If the only choices are between GC and X-Box... well, all I can say is I personally would choose the GameCube.  It's really hard to make a suggestion based on those games, because you really don't see many of those types of RPGs on consoles.  And because I know someone's going to mention it, just to spite me , Bioware's game Knights of the Old Republic is similar to the BG series, and is out for X-Box.  It's also out for PC, and I wouldn't buy an X-Box just for that one game.

If it's really a difficult decision, the other thing I could recommend is trying to find a place out there that will rent consoles.  Rent the console and a couple of games that sound interesting to you, and see how you like it, before you drop serious money on one.


----------



## RyanL (Dec 8, 2003)

JRRNeiklot said:
			
		

> I'm thinking of taking the plunge and buying a console gaming system.  Which game system should I buy?  I've heard the Gamecube is marketed for the 15 and under crowd.  Is this true?  The X-box has better specs, but I have not been impressed with the games I have seen for it.
> 
> Here's a few of the games I like on the pc, if it will help.
> 
> ...




Pet Peeve: Gamecube appeals to children, yes, but also to mature adults.  It doesn't have that many blood/explosions/boobies games, if that's your idea of mature (I'm not implying you think that way, but, sadly, many people do).

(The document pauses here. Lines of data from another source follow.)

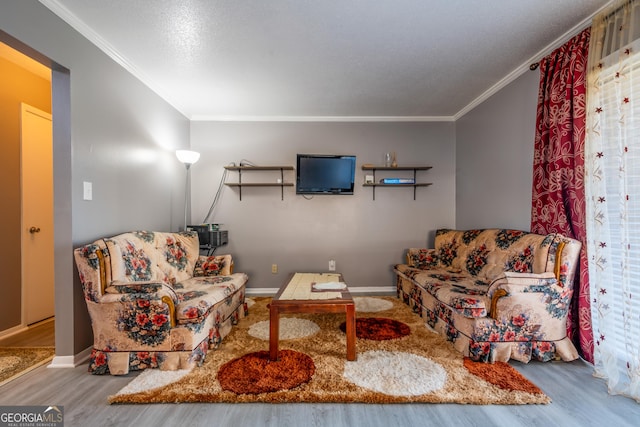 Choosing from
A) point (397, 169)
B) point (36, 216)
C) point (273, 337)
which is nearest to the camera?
point (273, 337)

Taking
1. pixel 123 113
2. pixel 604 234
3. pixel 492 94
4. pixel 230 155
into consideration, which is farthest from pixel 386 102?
pixel 123 113

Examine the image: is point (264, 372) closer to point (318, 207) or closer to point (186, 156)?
point (318, 207)

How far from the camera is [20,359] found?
2.04m

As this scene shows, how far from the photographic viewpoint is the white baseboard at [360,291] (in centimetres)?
372

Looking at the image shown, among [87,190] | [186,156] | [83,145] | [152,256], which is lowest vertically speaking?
[152,256]

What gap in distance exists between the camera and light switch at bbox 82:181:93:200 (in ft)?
6.69

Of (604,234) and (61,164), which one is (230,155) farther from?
(604,234)

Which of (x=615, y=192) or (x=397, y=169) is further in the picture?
(x=397, y=169)

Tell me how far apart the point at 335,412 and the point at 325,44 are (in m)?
2.55

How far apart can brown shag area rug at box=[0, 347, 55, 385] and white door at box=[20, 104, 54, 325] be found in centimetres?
63

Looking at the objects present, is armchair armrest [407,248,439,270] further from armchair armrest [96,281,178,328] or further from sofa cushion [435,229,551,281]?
armchair armrest [96,281,178,328]

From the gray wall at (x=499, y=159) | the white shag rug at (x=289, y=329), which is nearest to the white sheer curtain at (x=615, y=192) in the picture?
the gray wall at (x=499, y=159)

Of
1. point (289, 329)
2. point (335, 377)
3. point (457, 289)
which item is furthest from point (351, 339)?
point (457, 289)

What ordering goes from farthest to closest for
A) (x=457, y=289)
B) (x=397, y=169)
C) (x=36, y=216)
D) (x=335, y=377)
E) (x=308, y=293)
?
(x=397, y=169), (x=36, y=216), (x=457, y=289), (x=308, y=293), (x=335, y=377) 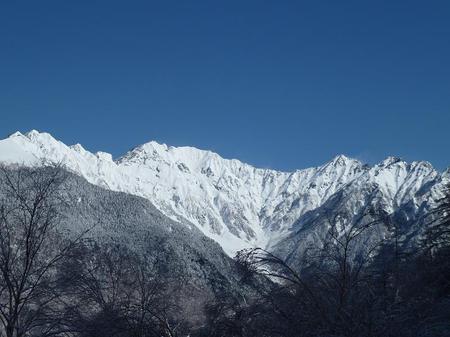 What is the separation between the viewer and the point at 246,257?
12.6 meters

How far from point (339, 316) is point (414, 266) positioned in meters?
8.18

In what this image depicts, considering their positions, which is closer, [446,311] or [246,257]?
[246,257]

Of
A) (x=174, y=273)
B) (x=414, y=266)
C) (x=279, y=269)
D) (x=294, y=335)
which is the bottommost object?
(x=294, y=335)

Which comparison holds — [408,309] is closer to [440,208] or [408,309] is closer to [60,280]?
[440,208]

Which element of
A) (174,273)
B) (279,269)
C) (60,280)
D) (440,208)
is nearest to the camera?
(279,269)

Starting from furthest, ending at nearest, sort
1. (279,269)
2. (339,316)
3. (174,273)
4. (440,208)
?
(174,273) < (440,208) < (279,269) < (339,316)

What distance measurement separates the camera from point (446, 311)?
1408 centimetres

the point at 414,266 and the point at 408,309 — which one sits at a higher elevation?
the point at 414,266

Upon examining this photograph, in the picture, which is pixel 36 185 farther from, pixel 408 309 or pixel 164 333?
pixel 408 309

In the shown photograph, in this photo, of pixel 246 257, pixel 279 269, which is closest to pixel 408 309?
pixel 279 269

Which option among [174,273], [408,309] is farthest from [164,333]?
[174,273]

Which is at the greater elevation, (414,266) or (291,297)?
(414,266)

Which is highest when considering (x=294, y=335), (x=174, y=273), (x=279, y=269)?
(x=174, y=273)

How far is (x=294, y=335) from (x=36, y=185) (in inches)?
273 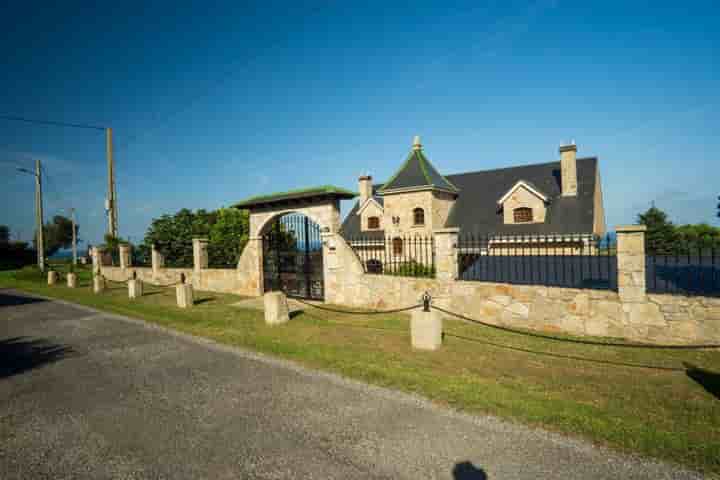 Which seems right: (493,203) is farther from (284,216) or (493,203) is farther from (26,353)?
(26,353)

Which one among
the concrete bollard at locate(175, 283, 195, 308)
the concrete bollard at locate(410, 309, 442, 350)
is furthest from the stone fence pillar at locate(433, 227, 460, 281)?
the concrete bollard at locate(175, 283, 195, 308)

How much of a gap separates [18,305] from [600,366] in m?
18.3

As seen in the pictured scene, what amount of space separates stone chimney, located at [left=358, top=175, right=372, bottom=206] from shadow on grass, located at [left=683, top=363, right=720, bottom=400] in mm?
25037

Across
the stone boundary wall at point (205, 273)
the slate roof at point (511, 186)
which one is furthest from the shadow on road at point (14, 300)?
the slate roof at point (511, 186)

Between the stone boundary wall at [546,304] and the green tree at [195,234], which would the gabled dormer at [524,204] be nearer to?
the stone boundary wall at [546,304]

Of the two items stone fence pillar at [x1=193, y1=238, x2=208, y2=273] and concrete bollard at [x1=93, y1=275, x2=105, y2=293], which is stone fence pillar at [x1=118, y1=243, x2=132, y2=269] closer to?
concrete bollard at [x1=93, y1=275, x2=105, y2=293]

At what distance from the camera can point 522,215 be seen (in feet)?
74.8

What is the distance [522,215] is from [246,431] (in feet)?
72.6

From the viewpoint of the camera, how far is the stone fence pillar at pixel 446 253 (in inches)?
384

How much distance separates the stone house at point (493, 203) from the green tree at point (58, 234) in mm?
56628

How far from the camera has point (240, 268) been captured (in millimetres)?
14992

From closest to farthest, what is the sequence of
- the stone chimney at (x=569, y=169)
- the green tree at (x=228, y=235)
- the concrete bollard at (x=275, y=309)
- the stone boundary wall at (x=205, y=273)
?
the concrete bollard at (x=275, y=309)
the stone boundary wall at (x=205, y=273)
the stone chimney at (x=569, y=169)
the green tree at (x=228, y=235)

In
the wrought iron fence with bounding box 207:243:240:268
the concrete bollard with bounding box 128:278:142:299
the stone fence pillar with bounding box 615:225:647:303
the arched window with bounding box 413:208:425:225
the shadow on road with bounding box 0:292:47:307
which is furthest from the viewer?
the arched window with bounding box 413:208:425:225

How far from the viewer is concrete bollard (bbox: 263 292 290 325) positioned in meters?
9.66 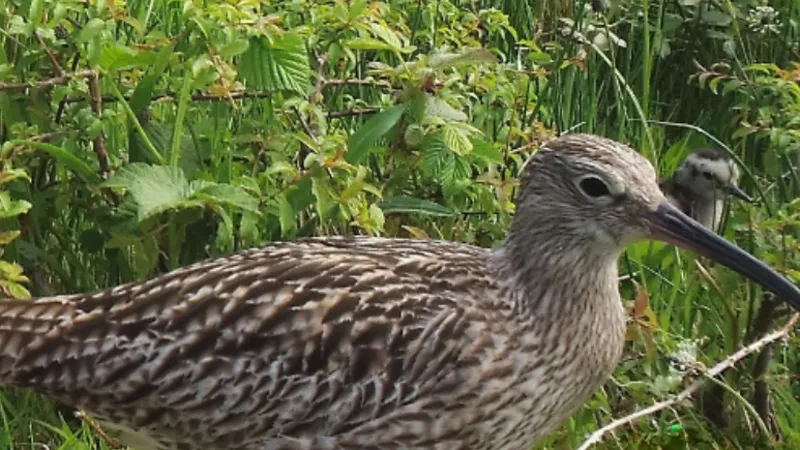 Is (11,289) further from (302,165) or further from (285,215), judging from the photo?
(302,165)

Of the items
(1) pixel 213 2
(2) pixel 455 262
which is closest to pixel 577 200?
(2) pixel 455 262

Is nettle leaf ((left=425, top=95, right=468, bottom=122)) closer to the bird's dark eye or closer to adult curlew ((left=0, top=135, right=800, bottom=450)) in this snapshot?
adult curlew ((left=0, top=135, right=800, bottom=450))

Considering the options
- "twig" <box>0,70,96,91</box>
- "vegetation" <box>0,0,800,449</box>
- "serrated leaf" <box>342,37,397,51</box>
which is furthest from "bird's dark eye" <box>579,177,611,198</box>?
"twig" <box>0,70,96,91</box>

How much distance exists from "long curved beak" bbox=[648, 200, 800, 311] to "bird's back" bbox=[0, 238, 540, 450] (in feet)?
1.43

Judging by your list of pc games, you're not going to find many similar games on any console.  Even the plethora of RPGs available for PS2 are mostly console-style RPGs, which are much different from your favorites.  Have you ever owned a console in the past?  If so, what type of games did you like to play on it?

Of course, I would be remiss without pointing out that I love my Gamecube.  This is fueled, in large part, by nostalgia.  I don't own an XBox, and I've never played one, so I can't really comment on it.

-Ryan


----------



## Shard O'Glase (Dec 8, 2003)

I own the main 3 consoles, and my fav of the 3 is the xbox.  Your style of rpgs isn't found anywhere on consoles so don't know what to say.

Personally I'd get both the xbox and the gamecube.  There both cheap, and there are exclusive games on both that work for me.  But exclusive game wise I'm more in the gamecube camp.  

but my thing is if a game is multiplatform which most games are I buy it on my xbox.


----------



## JRRNeiklot (Dec 9, 2003)

RyanL said:
			
		

> Judging by your list of pc games, you're not going to find many similar games on any console.





I figured as much.

[/QUOTE]

Even the plethora of RPGs available for PS2 are mostly console-style RPGs, which are much different from your favorites.  Have you ever owned a console in the past?  If so, what type of games did you like to play on it?
[/QUOTE]


Lol.  The last console game I owned was a colecovision, which most people don't even remember, heheh.




-Ryan[/QUOTE]


----------



## JRRNeiklot (Dec 9, 2003)

Shard O'Glase said:
			
		

> I own the main 3 consoles, and my fav of the 3 is the xbox.  Your style of rpgs isn't found anywhere on consoles so don't know what to say.
> 
> Personally I'd get both the xbox and the gamecube.  There both cheap, and there are exclusive games on both that work for me.  But exclusive game wise I'm more in the gamecube camp.
> 
> but my thing is if a game is multiplatform which most games are I buy it on my xbox.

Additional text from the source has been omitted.